Here are some things that can impact sleep: Everyone has trouble sleeping from time to time, but if you find that sleep problems are affecting your life, you may want to see your doctor. It’s natural to sometimes have a hard time getting enough sleep.There are things you can do to help yourself have a better rest, like: A good sleep environment is quiet, comfortable, the right temperature, dark and safe. Having pictures of your loved ones on your nightstand can also help, as this keeps the things special to you in mind.
But there are lot of non-election related happenings that could result in some significant policy and practice changes in our schools.This edition of will provide key updates on the Presidential Candidates’ education priorities, update you on ESSA implementation efforts, and highlight three critical upcoming Supreme Court Cases that could have implications for practice in the future.With sleep, your body also: At least one third of teens experiences sleep problems four or more times a week.Some teens have a hard time falling asleep while others wake up in the middle of the night.ESSA, The Supreme Court, and the Election It seems like all eyes are on November 8th, and the impact that the election of new policy makers may have at the federal, state, and local level.
NASP is following the education priorities of the Presidential candidates and maintaining contact with the major campaigns to ensure our policy priorities are heard (more on that later).

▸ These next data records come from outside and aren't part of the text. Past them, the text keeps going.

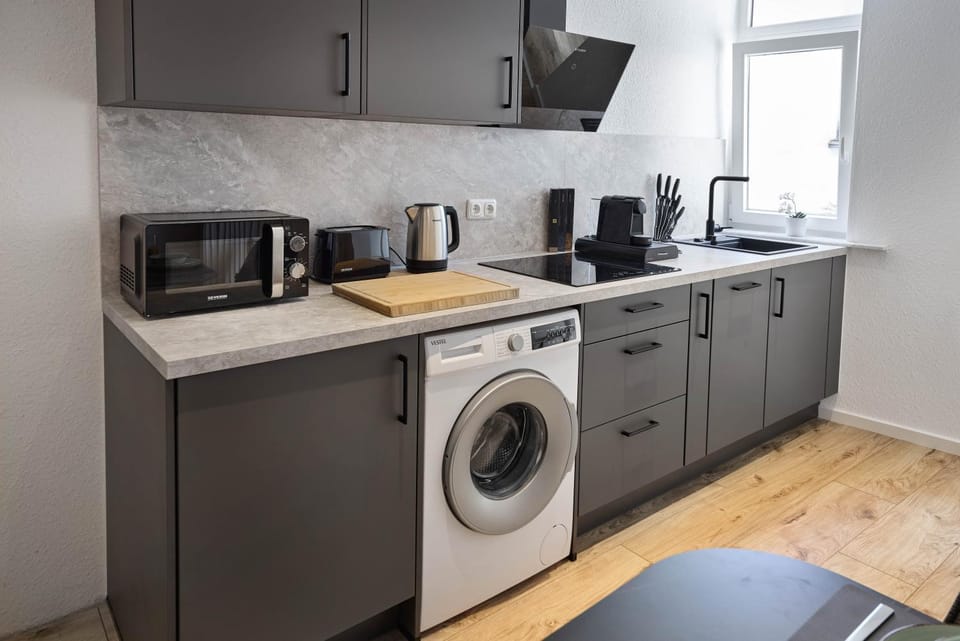 Coffee/tea facilities, Kitchen or kitchenette, dishwasher, stove, toaster, washing machine, kitchen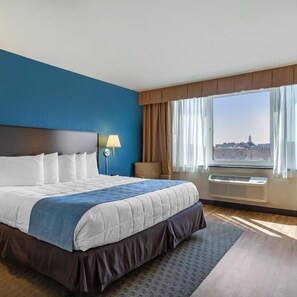 A hotel room with a large bed, a nightstand with a lamp, a view of a cityscape through the window, and an air conditioning unit. - The Capitol Hotel, Ascend Hotel Collection (Hartford)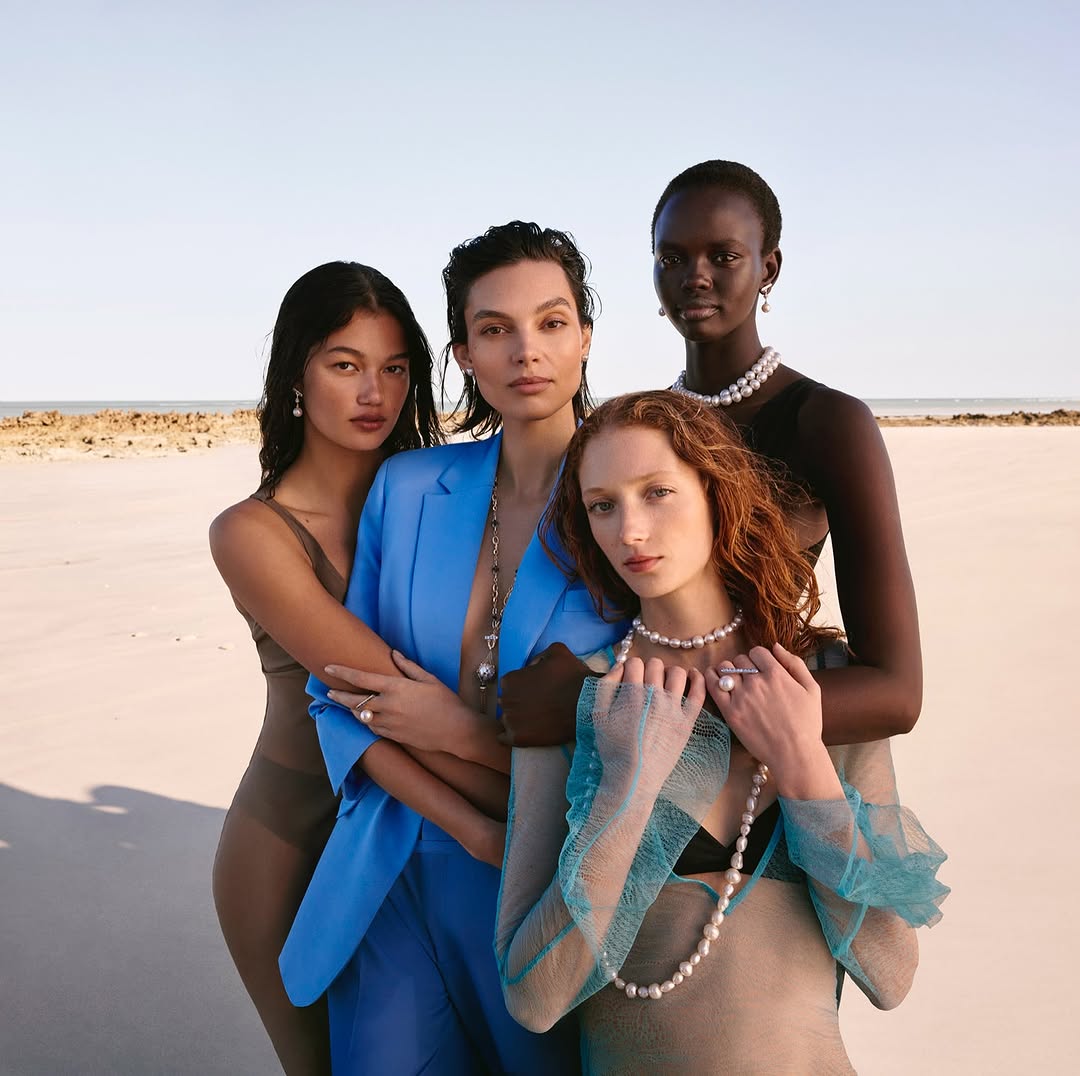 Four diverse female models pose on a beach wearing pearl necklaces, earrings, and rings, showcasing fashion and beauty in natural light.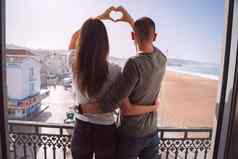年轻的夫妇站阳台使心形状手夫妇爱拥抱支出情人节一天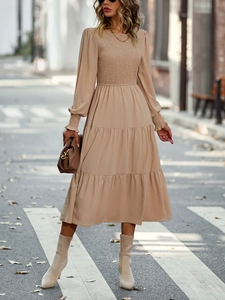 Détail d'une robe midi camel à manches longues avec texture plissée élégante et taille nouée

Sleep is important for your overall health, but busy schedules, stress and health problems can all get in the way of a good night’s rest.
Life can sometimes hinder sleep, whether it’s school, sports or friends. When things get busy, it’s OK for your sleep to fluctuate, as long as you’re not constantly depriving yourself of a good night’s rest.
In the spring of 2017, New York families continued to express their frustration that public education has become geared towards preparing students for standardized tests.
One source of our ire has been the federal government.
For years, parents have led a grassroots movement to stop the federal imposition of the standards, testing, and accountability paradigm.